I am not sure exactly when we entered California as there was no sign greeting us. This distressed me a little and I felt cheated out of knowing the exact moment when you cross into a new state. The road in California was even windier than before and filled with dips that sometimes prevented me from seeing beyond a few feet of pavement (like a ship cresting a wave). One bend warned of a single lane ahead. Just to be on the safe side I beeped my horn just before making the turn and was surprised to hear an answering honk. Another piece of road found a group of cows being herded across the street by men on horseback. For a moment I feared that I took a wrong turn into the past century. The only real blemish to the trip was us not having time to check out the Ancient Bristle Pine Cone area (7,000 year old living tress, the oldest living plants in the world). On the plus side we have a good reason now to come back.
Eventually we came to 395 and everything was green and prosperous looking. In Owens Valley (more things to make me homesick, we also looked for Glen’s brewery, Jean’s bookshop, and Griffin’s art studio) the Sierras were to our left, the dusty Nevada mountains to the right. Tired we stumbled into Mammoth Lakes and decided to spend a few days here before heading to Yosemite on Sunday (a good day to find campsites).
Day 21: Mammoth Lakes, California
We woke up today happy to be in the Sierras. Henna overslept, I read and texted my dad and a friend in Wisconsin, and Corey joined me for a cup of coffee. Before leaving for the day’s adventure I asked an older couple advice regarding possible area hikes. John and I started talking (and his companion talked to Corey) and I soon found out that he served as a crew member on Air Force One for six presidents (Eisenhower insisted on being called general, Ford was very friendly and often draped an arm over his shoulders, Johnson was feared by everyone except his wife and J. Edgar Hoover, Carter was a stick in the mud). John was a good guy to talk to but baited me into political discussions (Me: “I love camping.” Him: “It’s all going to go away (high gas prices) if we reelect this Marxist President.”) A good balance to John was his wife whom heads a non-profit focused on helping high school drop outs get their GED. While Corey and her talked about the need for a more comprehensive approach to education, John and I debated whether or not death panels were going to decide my future health options.

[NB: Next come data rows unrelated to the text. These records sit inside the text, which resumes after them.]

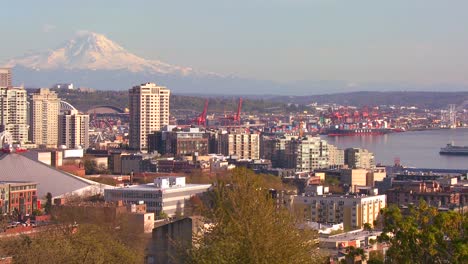 A-ferry-boat-arrives-in-Seattle-harbor-on-a-beautiful-clear-day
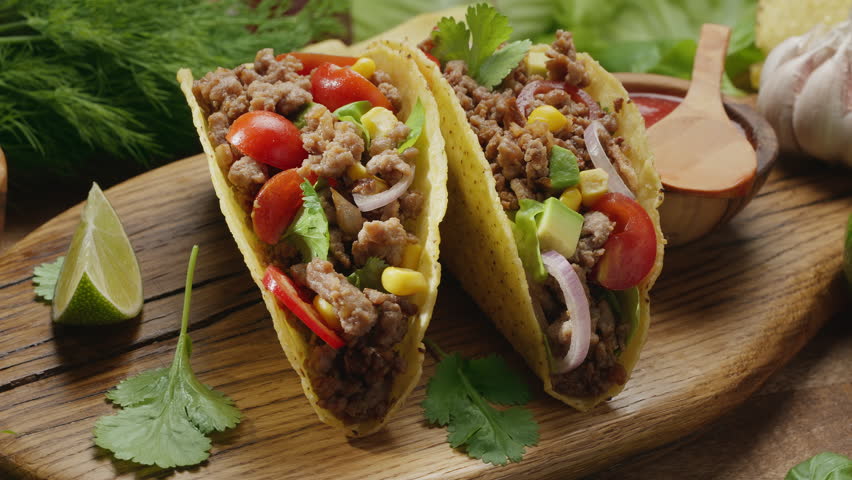 Two meat tacos on wooden board surrounded with fresh herbs and vegetables – traditional Mexican food spinning slowly on clockwise.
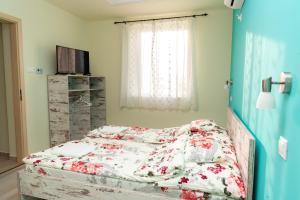 1 dormitorio con 1 cama con sábanas florales y ventana en Alfa Apartman, en Mórahalom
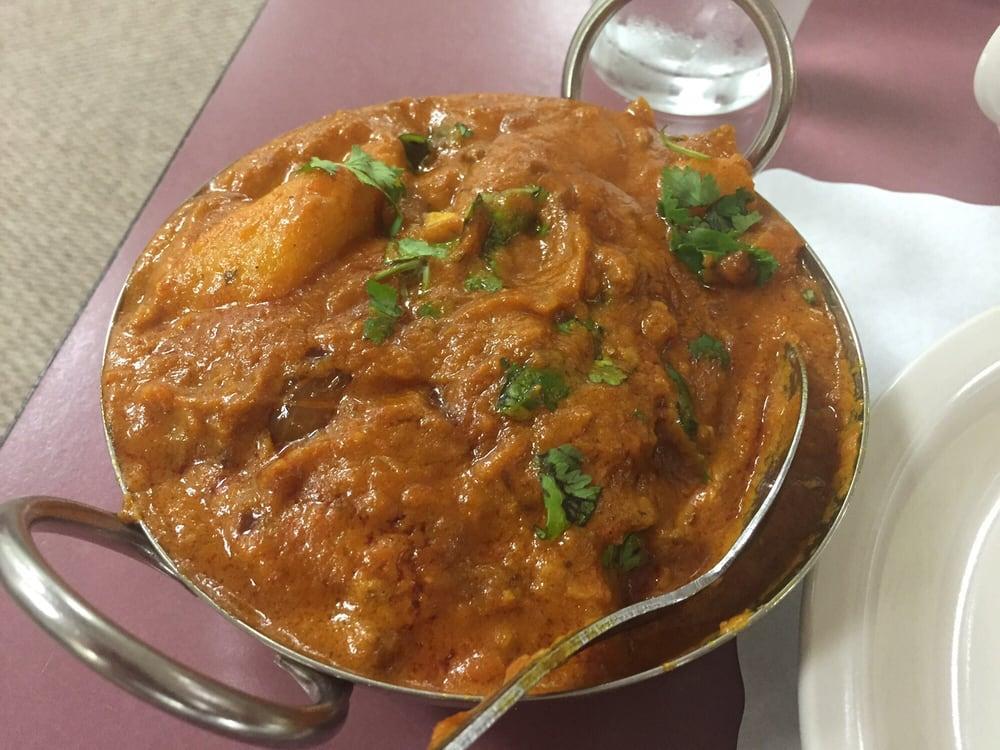 Lamb Vindaloo · Boneless leg of lamb cooked with potatoes and chilies in mughlai sauce. Served with basmati rice. Hot.
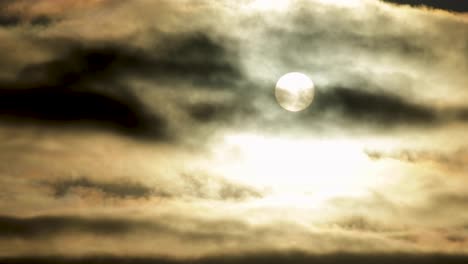 fog moves across a full moon framed against a dark moody, amber sky with cloud cover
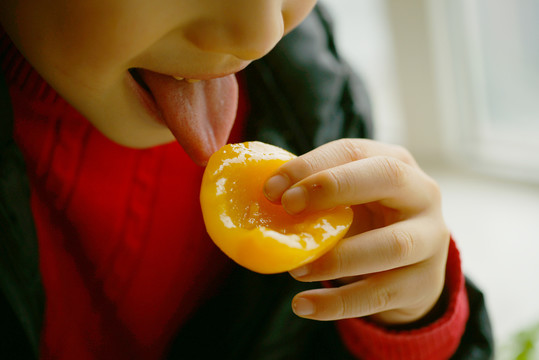 小孩吃黄桃的图片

Our day later involved standing next to a fault line, a long wait for a bus, a crazy standing room only bus ride down from a mountain, and a cool hike leading to Rainbow Falls and Devil’s Postpile National Monument. It all felt like what I imagine Yosemite to feel like for a reason; prior to the early 20th century it was part of the national park. Mining interests, however, wanted to exploit the area and select parcels of land where kicked out of the park (and then later protected as a national monument). You are not allowed to drive the road in (probably due to it being one lane for a few stretches) and for that reason we paid for a shuttle to take us to the trail head. While waiting we met a married couple from Anchorage and found out that he is a special education teacher who works primarily with children that have autism. Another commonality was that her birthday is close to Corey and her father works very hard as a freelance writer (but has a different day job). They were headed off on a three night excursion with tripods and expensive camera gear in order to reproduce Ansel Adams work. Many of his photos feature lakes in this area. The hiking was good, the return bus trip scary, and laundry was postponed for another day.